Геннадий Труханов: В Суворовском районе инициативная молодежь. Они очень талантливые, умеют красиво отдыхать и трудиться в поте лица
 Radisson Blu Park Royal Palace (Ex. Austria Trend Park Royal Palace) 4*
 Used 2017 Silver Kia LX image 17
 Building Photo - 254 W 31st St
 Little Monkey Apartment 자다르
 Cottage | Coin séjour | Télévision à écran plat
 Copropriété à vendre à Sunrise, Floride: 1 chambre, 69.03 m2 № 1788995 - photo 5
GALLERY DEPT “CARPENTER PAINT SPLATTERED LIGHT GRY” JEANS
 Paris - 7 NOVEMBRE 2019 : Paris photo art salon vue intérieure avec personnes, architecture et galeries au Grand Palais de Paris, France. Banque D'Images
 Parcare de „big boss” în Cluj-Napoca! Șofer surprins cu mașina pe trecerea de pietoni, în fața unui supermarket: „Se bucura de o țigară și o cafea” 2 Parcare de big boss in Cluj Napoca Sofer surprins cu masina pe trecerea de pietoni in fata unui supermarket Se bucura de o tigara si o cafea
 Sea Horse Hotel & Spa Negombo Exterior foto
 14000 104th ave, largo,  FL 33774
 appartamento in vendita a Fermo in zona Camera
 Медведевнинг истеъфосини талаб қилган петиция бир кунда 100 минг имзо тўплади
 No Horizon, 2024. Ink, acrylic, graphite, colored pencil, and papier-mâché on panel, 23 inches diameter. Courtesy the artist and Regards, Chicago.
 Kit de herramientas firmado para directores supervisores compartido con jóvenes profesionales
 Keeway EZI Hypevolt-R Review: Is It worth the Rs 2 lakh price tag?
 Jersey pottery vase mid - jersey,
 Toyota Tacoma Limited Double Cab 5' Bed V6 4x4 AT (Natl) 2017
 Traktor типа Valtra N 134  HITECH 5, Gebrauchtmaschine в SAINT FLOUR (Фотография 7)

Problem to solve: All of the material above should be repeated word for word.

Output of the task:
Геннадий Труханов: В Суворовском районе инициативная молодежь. Они очень талантливые, умеют красиво отдыхать и трудиться в поте лица
 Radisson Blu Park Royal Palace (Ex. Austria Trend Park Royal Palace) 4*
 Used 2017 Silver Kia LX image 17
 Building Photo - 254 W 31st St
 Little Monkey Apartment 자다르
 Cottage | Coin séjour | Télévision à écran plat
 Copropriété à vendre à Sunrise, Floride: 1 chambre, 69.03 m2 № 1788995 - photo 5
GALLERY DEPT “CARPENTER PAINT SPLATTERED LIGHT GRY” JEANS
 Paris - 7 NOVEMBRE 2019 : Paris photo art salon vue intérieure avec personnes, architecture et galeries au Grand Palais de Paris, France. Banque D'Images
 Parcare de „big boss” în Cluj-Napoca! Șofer surprins cu mașina pe trecerea de pietoni, în fața unui supermarket: „Se bucura de o țigară și o cafea” 2 Parcare de big boss in Cluj Napoca Sofer surprins cu masina pe trecerea de pietoni in fata unui supermarket Se bucura de o tigara si o cafea
 Sea Horse Hotel & Spa Negombo Exterior foto
 14000 104th ave, largo,  FL 33774
 appartamento in vendita a Fermo in zona Camera
 Медведевнинг истеъфосини талаб қилган петиция бир кунда 100 минг имзо тўплади
 No Horizon, 2024. Ink, acrylic, graphite, colored pencil, and papier-mâché on panel, 23 inches diameter. Courtesy the artist and Regards, Chicago.
 Kit de herramientas firmado para directores supervisores compartido con jóvenes profesionales
 Keeway EZI Hypevolt-R Review: Is It worth the Rs 2 lakh price tag?
 Jersey pottery vase mid - jersey,
 Toyota Tacoma Limited Double Cab 5' Bed V6 4x4 AT (Natl) 2017
 Traktor типа Valtra N 134  HITECH 5, Gebrauchtmaschine в SAINT FLOUR (Фотография 7)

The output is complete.